Particolarmente illuminante da questo punto di vista l’interevento mirato e lucido del caporedattore del Manifesto, il quale, ripercorrendo l’excursus storico della vicenda, ha tenuto a restituire una panoramica che mettesse in luce anche quelle che, secondo lui, sono le responsabilità degli stati esteri, dell’Unione Europea in particolare. “Dopo la caduta del muro”, non esita a dire di Francesco, “la condotta della UE nella gestione dell’area è stata a dir poco criminale. Non ho problemi ad affermare che l’attuale Unione Europea ha fondato se stessa sulle macerie della repubblica federale jugoslava.” Parole forti, le cui argomentazioni tuttavia lasciano riflettere. Secondo la tesi di di Francesco, che all’epoca si trovava sul posto per documentare il conflitto, infatti la maggiore colpa dell’Europa  in questa situazione sarebbe stata quella di alimentare i nazionalismi nelle ex repubbliche sovietiche subito dopo il crollo, con l’offerta di una sicura ammissione nella UE agli stati che per primi si fossero dichiarati nazioni indipendenti. “Nelle contraddizioni della Jugoslavia, nazione morta e risorta per ben tre volte, si appalesano molti termini dei conflitti della società moderna.”, conclude il giornalista.

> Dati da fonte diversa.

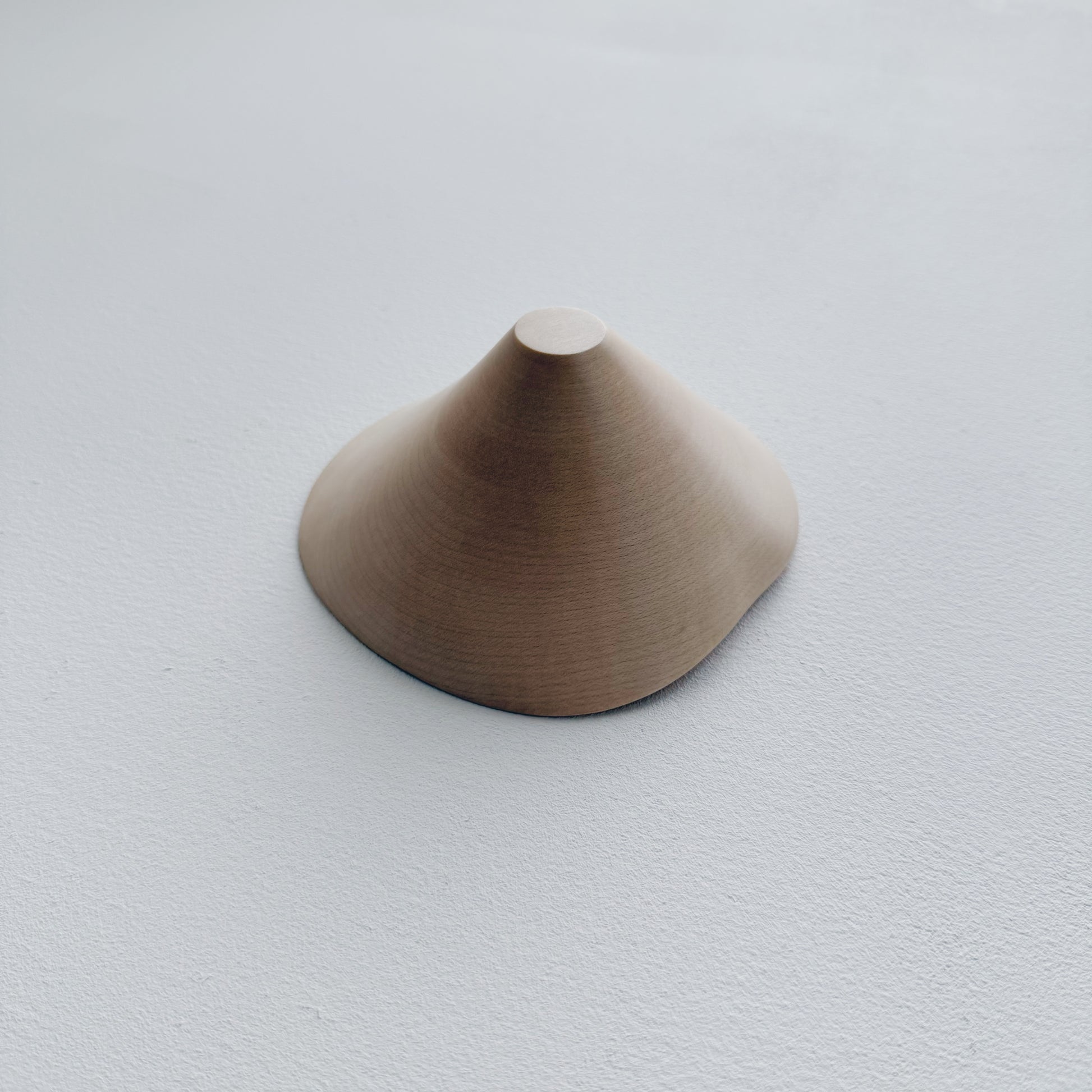Conical sculptural bowl
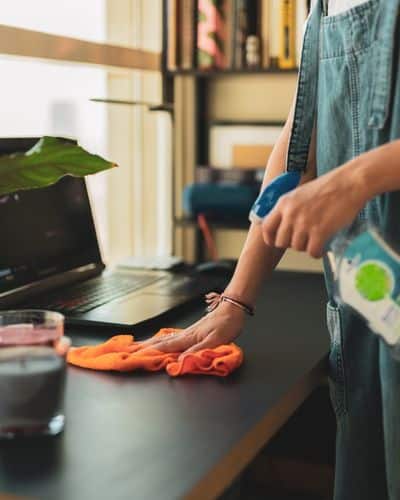 cleaner wiping office desk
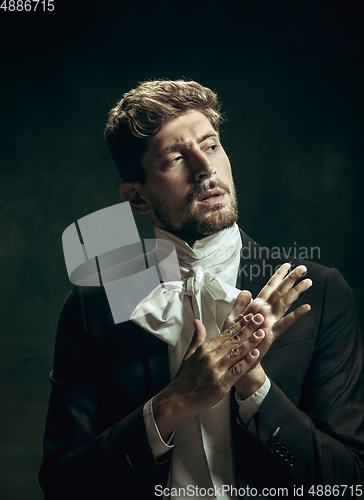 Image of Young man as Dorian Gray on dark background. Retro style, comparison of eras concept.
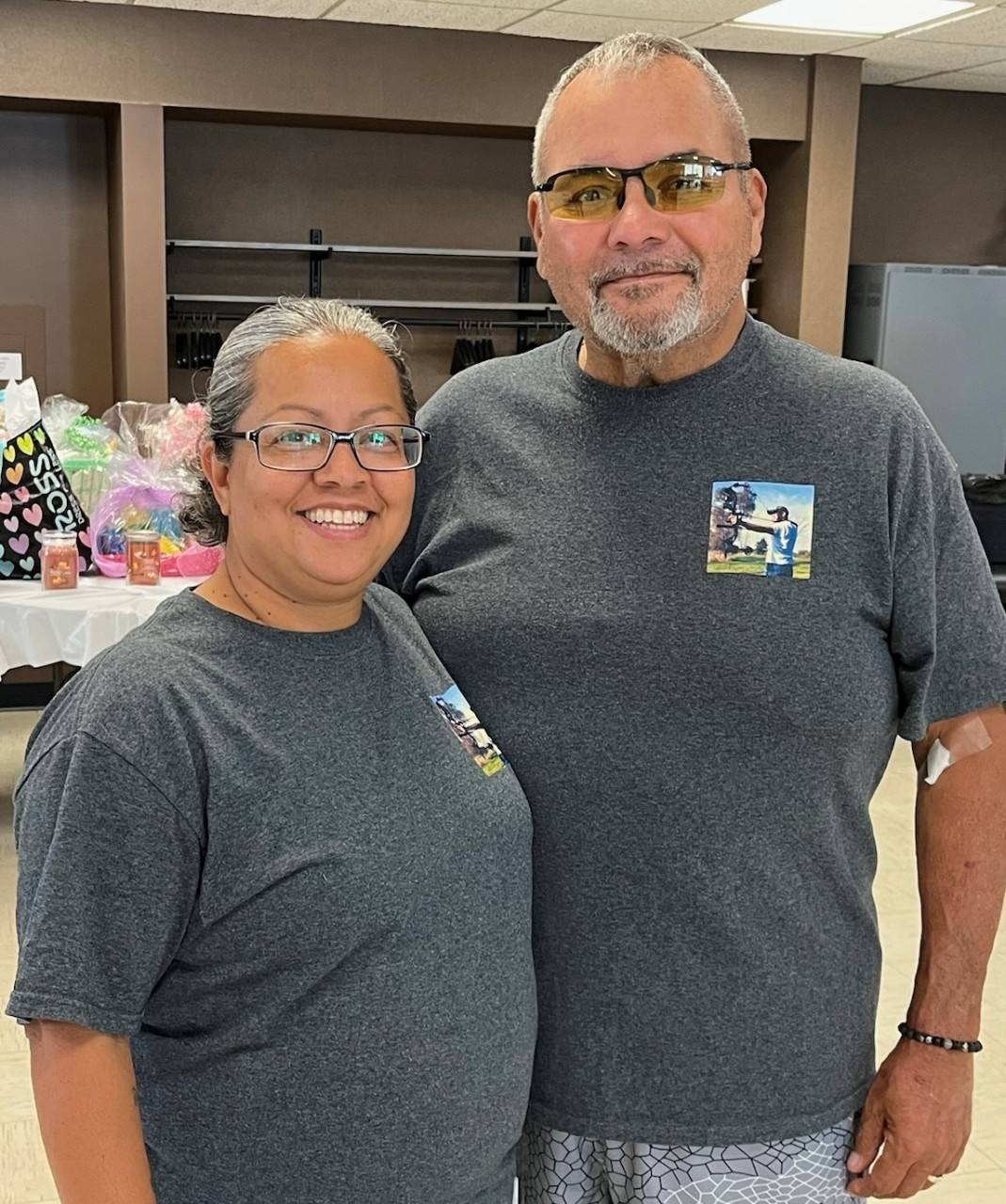 Raquel and Blass Ybarra both wearing glasses with a table of presents behind them.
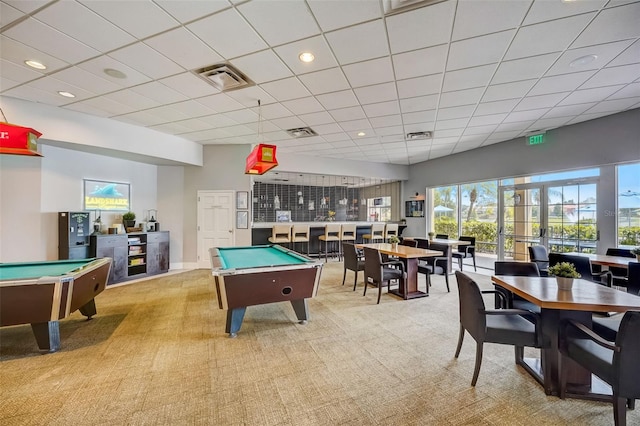 recreation room with pool table, a paneled ceiling, and light colored carpet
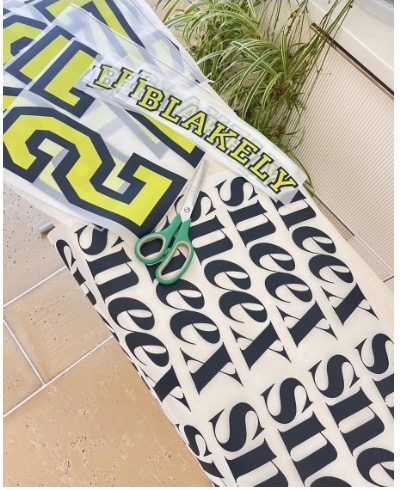 Lime BLAKELY and number transfers and rows of black Sneex wordmark transfers being cut with green-handled scissors on an ironing board.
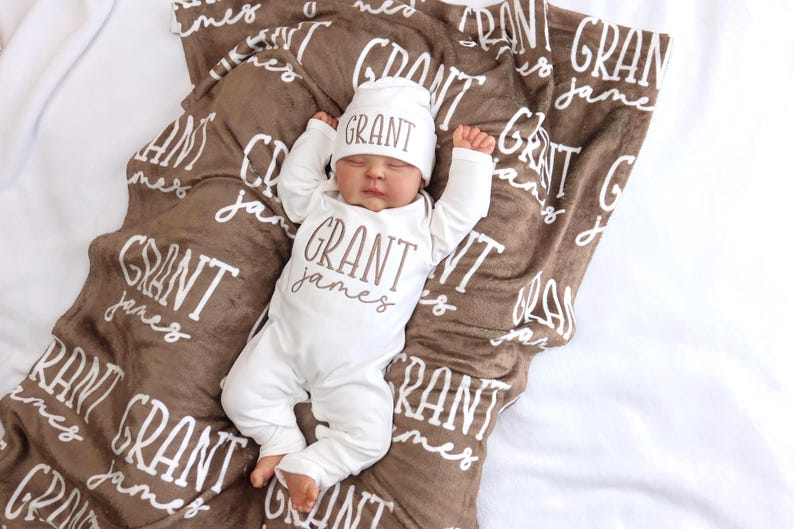 Op de afbeelding: Een pasgeboren baby in een witte onesie en muts, beide met "GRANT James" in bruin gedrukt. De baby ligt op een bruine deken met de naam "GRANT James" herhaald in wit. De deken ligt op een witte ondergrond.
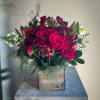 Enjoy the vibrant beauty of red and classic white roses, complemented by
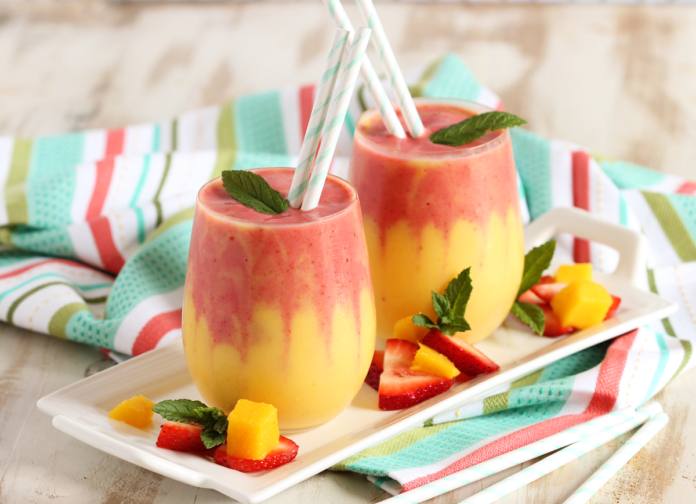 Refreshing Mango Banana Strawberry Smoothie: A vibrant blend of ripe mangoes, bananas, and strawberries, perfect for a healthy and delicious start to your day.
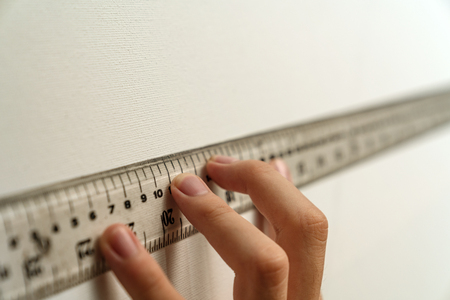 hand holding ruler with canvas background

Non ultimo, il problema della convivenza multietnica e, più nello specifico, delle sue venature religiose. È proprio questo che tiene a sottolineare il Mirizio nel suo intervento. Da docente di storia delle religione, infatti, il professore non manca di fornire una serie di dati specifici che contribuiscono a definire il quadro religioso della regione come particolarmente composito. “Musulmani, ortodossi e cattolici: queste tre confessioni religiose hanno dovuto trovare il proprio spazio nello stesso territorio e non c’è bisogno di ricordare quali sono stati i risultati.”, dice facendo riferimento alle pulizie etniche che hanno afflitto le popolazioni dell’area in questione. “Non solo”, aggiunge “ma si deve tenere in considerazione che le singole professioni religiosi trovano in Jugoslavia una gamma di varianti come in nessun altro paese.
Un punto di vista significativo è stato quello proposto infine da Lekic. Al lavoro ai tempi del conflitto, l’ambasciatore jugoslavo ha apportato un contributo di particolare valore grazie alla sua angolazione interna. “Nonostante finora si sia parlato della Jugoslavia come laboratorio, come terra artificiale di esperimenti, io mi sento di dire che una nazionalità jugoslava esiste e che io mi sento jugoslavo.” In un’ottica degna di un buon diplomatico, inoltre, Lekic ci tiene a ridistribuire le responsabilità e a dire che, nonostante l’Europa abbia addossato tutte le colpe della guerra nei Balcani alla Serbia, questa non è l’unica responsabile.
Una storia complessa e particolarmente articolata, quindi, quella che si vuole presentare al Cinema Pendola nel corso delle prossime settimane. Una storia in cui la diversità e tutte le contraddizioni che ne derivano sono protagoniste. È proprio scegliendo “il cinema come testimone”, e quindi favorendo un’ottica quotidiana, interna e civile nel senso più ampio del termine che l’iniziativa tenta di restituire valore alle differenze che, come ha sottolineato lo stesso Di Francesco, “sono il principio della democraticità.”
Dal prossimo lunedì fino al 1° giugno alle ore 21, saranno proiettati quattro film di autori balcanici per contribuire a non far finire l’ennesima tragedia storica in un dimenticatoio che ne è già abbastanza pieno.